* _Problem description_
From the line containing "10K Yellow Gold" down to the final line of the entries below, return each line exactly and drop the pictures.

Brief descriptive captions
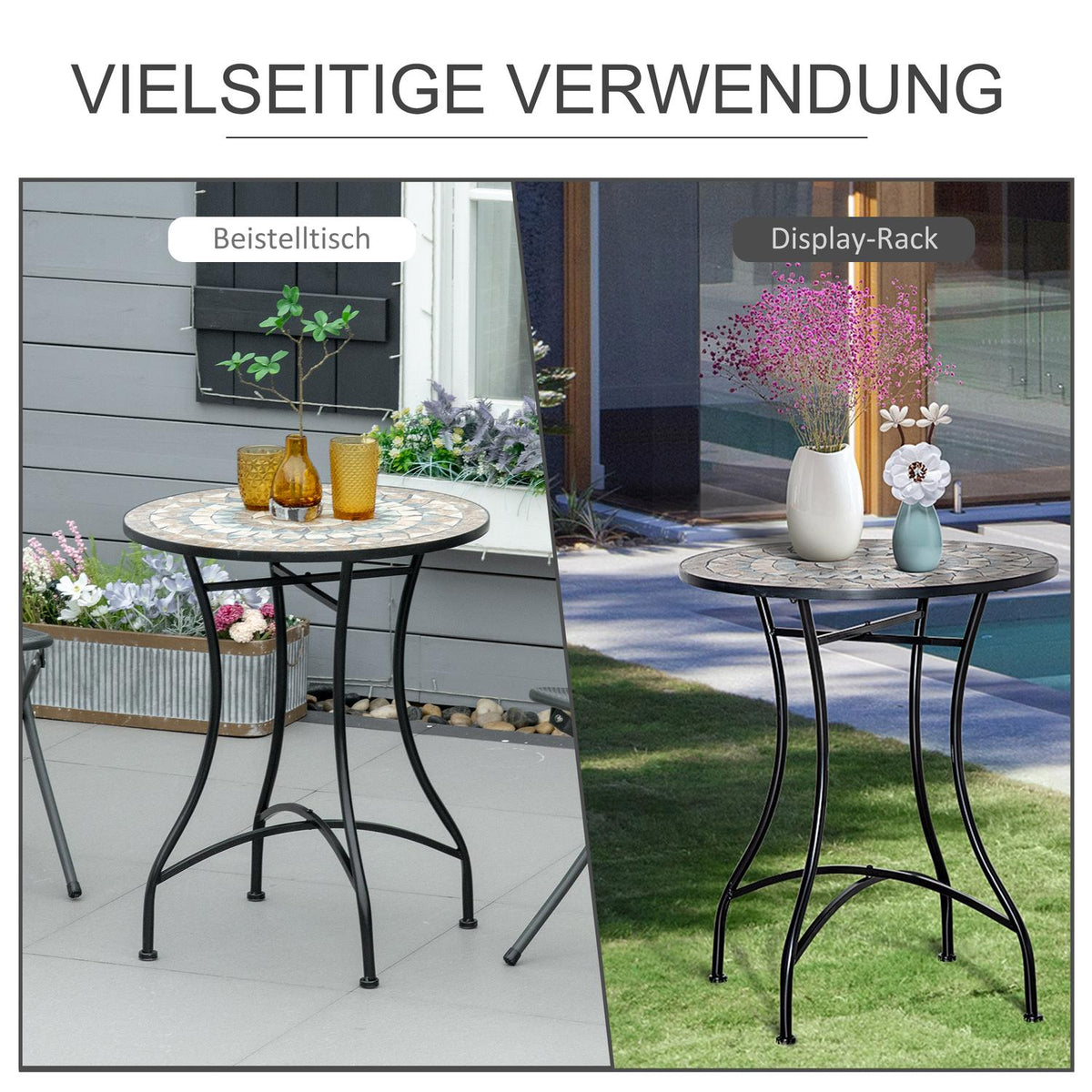 Garden table mosaic table balcony table side table serving table round steel + ceramic orange + white Ø60 x H71 cm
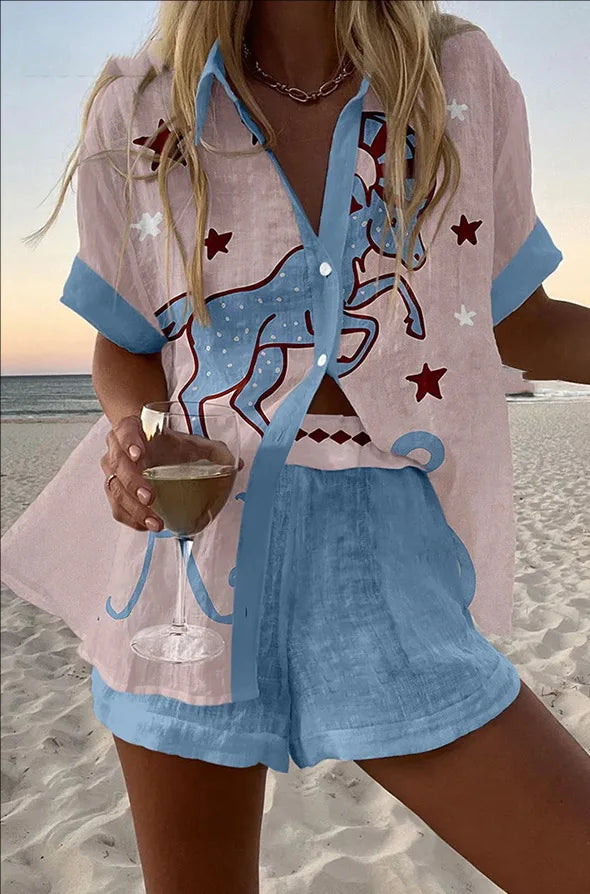 Fashion Lapel Short-sleeved Single-breasted Shirt Top + Shorts 2-piece Set Women Elegant Summer Print Loose Casual Suit Female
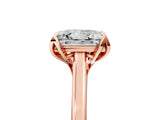 Rose gold Princess Cut Diamond Solitaire Ring with Flower Prong Setting and Classic Band_42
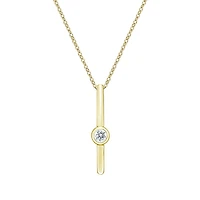 10K Yellow Gold Bezel-set Diamond pendant (no chain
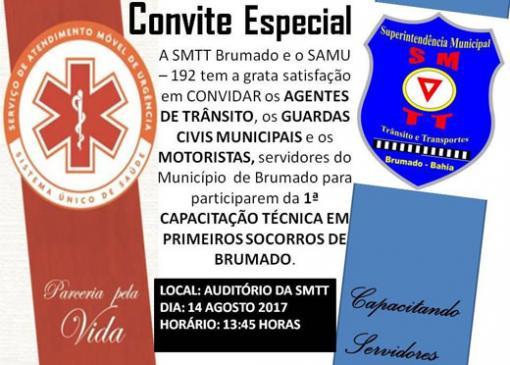 Brumado: Capacitação em primeiros socorros atenderá agentes de trânsito, guardas civis e motoristas do Município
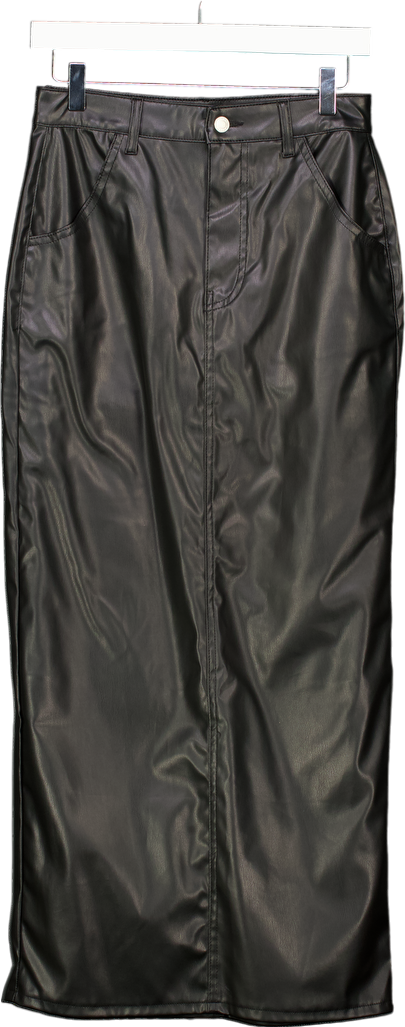 ASOS Black Faux Leather Seam Detail Maxi Skirt UK S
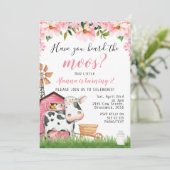 ピンクフローラデイジーヒアザムーズカウ誕生日 招待状 (スタンド正面)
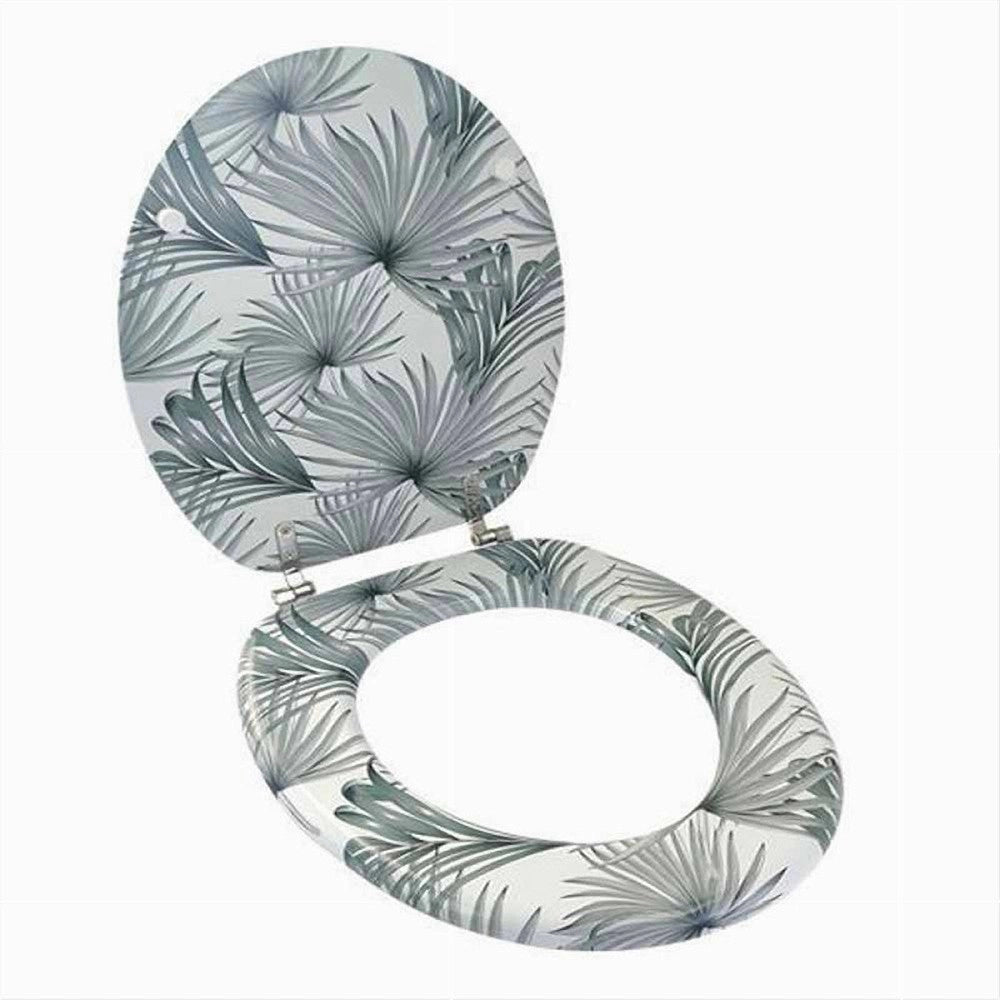 Trade Shop - Copriwater In Legno Mdf Tavoletta Da Bagno Wc Con Stampa Tropicale Cerniere 87100 -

* _Worked solution_
 10K Yellow Gold Bezel-set Diamond pendant (no chain
 Brumado: Capacitação em primeiros socorros atenderá agentes de trânsito, guardas civis e motoristas do Município
 ASOS Black Faux Leather Seam Detail Maxi Skirt UK S
 ピンクフローラデイジーヒアザムーズカウ誕生日 招待状 (スタンド正面)
 Trade Shop - Copriwater In Legno Mdf Tavoletta Da Bagno Wc Con Stampa Tropicale Cerniere 87100 -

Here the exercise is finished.